ACTIVITY
The answer is the line containing "A male water" plus every line after it to the end of the material, retyped exactly and without the pictures.

INFORMATION PROVIDED
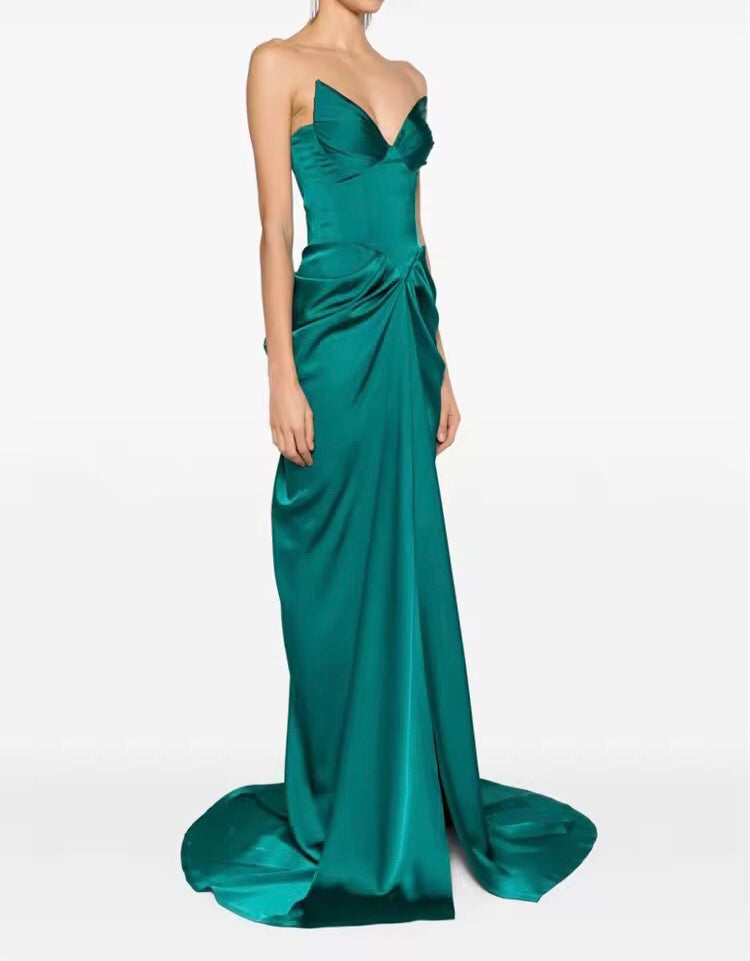 Mermaid Satin Lace Up Evening Gown
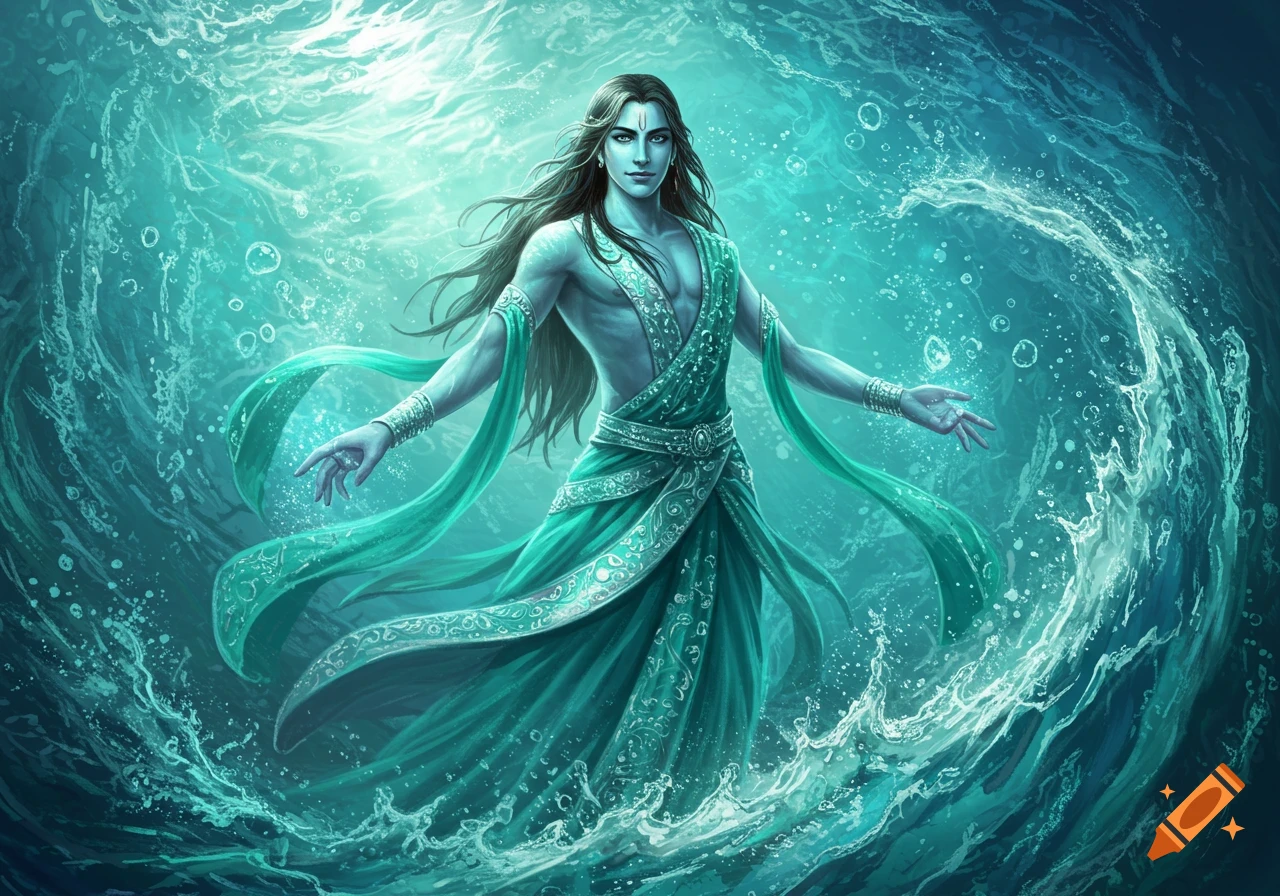 A male water god in a teal draped garment stands amidst swirling water and bubbles.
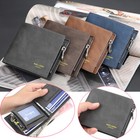 Men Leather Wallet Id Credit Card Holder Clutch Bifold Pocket Zipper Coin Purse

SOLUTION TO THIS PROBLEM
 A male water god in a teal draped garment stands amidst swirling water and bubbles.
 Men Leather Wallet Id Credit Card Holder Clutch Bifold Pocket Zipper Coin Purse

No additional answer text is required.